» **The problem**
Every line below from the one with "VELODYNE DPS-12 POWERED" through the one with "AR license plate 628WSS" is to be repeated exactly, with no picture among them.

** Given records follows **

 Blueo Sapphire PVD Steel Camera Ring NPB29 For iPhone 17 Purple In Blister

** End of Given records **
** Given records follows **

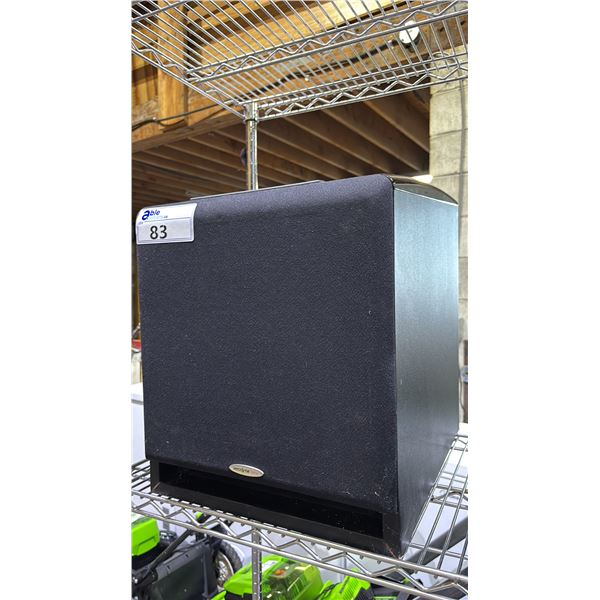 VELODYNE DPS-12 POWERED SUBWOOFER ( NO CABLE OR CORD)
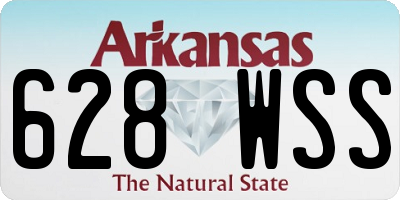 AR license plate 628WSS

** End of Given records **

» **Response to this exercise**
 VELODYNE DPS-12 POWERED SUBWOOFER ( NO CABLE OR CORD)
 AR license plate 628WSS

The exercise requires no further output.